Updated: Oct 22, 2019

Medicaid law imposes a penalty period if you transferred assets within five years of applying, but what if the transfers had nothing to do with Medicaid? It is difficult to do, but if you can prove you made the transfers for a purpose other than to qualify for Medicaid, you can avoid a penalty.

You are not supposed to move into a nursing home on Monday, give all your money away on Tuesday, and qualify for Medicaid on Wednesday. So the government looks back five years for any asset transfers, and levies a penalty on people who transferred assets without receiving fair value in return. This penalty is a period of time during which the person transferring the assets will be ineligible for Medicaid.
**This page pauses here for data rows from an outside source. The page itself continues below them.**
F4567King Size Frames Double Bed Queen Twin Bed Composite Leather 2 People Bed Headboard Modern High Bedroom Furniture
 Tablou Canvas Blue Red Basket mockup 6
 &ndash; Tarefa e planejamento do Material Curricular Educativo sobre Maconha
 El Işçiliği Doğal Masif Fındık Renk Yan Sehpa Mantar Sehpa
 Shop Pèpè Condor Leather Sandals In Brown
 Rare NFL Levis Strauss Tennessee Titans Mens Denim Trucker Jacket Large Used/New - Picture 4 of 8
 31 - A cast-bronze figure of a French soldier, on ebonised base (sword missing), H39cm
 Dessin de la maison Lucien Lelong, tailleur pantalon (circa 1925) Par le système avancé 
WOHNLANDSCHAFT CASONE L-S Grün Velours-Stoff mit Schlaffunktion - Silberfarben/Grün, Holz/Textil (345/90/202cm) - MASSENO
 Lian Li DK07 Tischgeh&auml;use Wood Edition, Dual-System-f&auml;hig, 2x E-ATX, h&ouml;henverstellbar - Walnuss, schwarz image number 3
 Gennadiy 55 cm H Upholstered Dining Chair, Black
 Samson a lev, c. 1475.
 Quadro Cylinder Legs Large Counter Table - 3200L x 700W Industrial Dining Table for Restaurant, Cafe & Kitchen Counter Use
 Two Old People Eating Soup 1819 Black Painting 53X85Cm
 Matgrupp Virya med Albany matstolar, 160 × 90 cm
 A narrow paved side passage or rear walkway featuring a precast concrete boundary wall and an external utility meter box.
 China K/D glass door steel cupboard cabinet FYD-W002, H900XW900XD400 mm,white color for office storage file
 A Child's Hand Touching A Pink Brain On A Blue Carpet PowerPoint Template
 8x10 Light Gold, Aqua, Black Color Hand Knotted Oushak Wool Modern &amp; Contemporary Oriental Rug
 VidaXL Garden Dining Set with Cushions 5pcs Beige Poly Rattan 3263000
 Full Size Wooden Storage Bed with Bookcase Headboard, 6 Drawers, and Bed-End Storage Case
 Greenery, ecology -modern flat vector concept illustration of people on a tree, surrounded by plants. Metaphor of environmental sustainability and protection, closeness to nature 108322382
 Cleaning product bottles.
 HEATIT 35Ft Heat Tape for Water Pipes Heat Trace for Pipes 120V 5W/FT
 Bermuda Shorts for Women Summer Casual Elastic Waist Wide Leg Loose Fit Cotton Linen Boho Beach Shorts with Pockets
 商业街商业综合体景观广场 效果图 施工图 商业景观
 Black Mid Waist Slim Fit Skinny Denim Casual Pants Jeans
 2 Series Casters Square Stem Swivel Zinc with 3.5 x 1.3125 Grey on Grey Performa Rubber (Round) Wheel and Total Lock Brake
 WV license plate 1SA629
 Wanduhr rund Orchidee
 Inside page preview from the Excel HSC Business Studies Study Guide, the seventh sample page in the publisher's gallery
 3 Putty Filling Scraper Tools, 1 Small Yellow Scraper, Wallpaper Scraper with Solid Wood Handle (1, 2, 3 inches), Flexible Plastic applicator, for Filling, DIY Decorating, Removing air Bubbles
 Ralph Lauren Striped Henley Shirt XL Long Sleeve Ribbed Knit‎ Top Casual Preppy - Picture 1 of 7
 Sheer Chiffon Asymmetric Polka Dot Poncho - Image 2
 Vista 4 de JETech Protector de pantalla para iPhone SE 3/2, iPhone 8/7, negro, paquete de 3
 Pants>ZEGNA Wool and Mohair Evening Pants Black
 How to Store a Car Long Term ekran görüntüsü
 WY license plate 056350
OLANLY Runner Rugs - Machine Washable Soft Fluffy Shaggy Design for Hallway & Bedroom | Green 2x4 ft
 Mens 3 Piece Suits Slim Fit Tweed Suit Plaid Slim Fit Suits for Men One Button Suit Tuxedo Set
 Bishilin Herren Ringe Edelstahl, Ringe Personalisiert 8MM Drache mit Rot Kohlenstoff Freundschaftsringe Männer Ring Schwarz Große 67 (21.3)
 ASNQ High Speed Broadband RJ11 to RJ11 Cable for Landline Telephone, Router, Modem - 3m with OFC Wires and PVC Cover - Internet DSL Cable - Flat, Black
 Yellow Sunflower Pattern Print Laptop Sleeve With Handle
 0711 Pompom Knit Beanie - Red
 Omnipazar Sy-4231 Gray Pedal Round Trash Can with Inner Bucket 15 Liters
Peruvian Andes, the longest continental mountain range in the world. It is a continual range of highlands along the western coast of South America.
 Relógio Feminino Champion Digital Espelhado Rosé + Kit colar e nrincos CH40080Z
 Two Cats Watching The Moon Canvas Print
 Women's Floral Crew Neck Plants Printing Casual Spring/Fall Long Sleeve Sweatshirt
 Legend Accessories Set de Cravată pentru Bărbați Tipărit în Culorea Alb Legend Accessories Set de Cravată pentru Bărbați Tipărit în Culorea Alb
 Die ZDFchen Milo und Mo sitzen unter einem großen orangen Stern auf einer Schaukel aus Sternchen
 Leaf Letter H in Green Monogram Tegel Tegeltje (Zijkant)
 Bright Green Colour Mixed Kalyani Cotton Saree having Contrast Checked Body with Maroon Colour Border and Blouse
The penalty period is determined by dividing the amount transferred by what Medicaid determines to be the average private pay cost of a nursing home in your state.


The penalty period can seem very unfair to someone who made gifts without thinking about the potential for needing Medicaid. For example, what if you made a gift to your daughter to help her through a hard time? If you unexpectedly fall ill and need Medicaid to pay for long-term care, the state will likely impose a penalty period based on the transfer to your daughter.

To avoid a penalty period, you will need to prove that you made the transfer for a reason other than qualifying for Medicaid.

The burden of proof is on the Medicaid applicant and it can be difficult to prove.

The following evidence can be used to prove the transfer was not for Medicaid planning purposes:

  1. The Medicaid applicant was in good health at the time of the transfer. It is important to show that the applicant did not anticipate needing long-term care at the time of the gift.

  2. The applicant has a pattern of giving. For example, the applicant has a history of helping his or her children when they are in need or giving annual gifts to family or charity.

  3. The applicant had plenty of other assets at the time of the gift. An applicant giving away all of his or her money would be evidence that the applicant was anticipating the need for Medicaid.

  4. The transfer was made for estate planning purposes or on the advice of an accountant.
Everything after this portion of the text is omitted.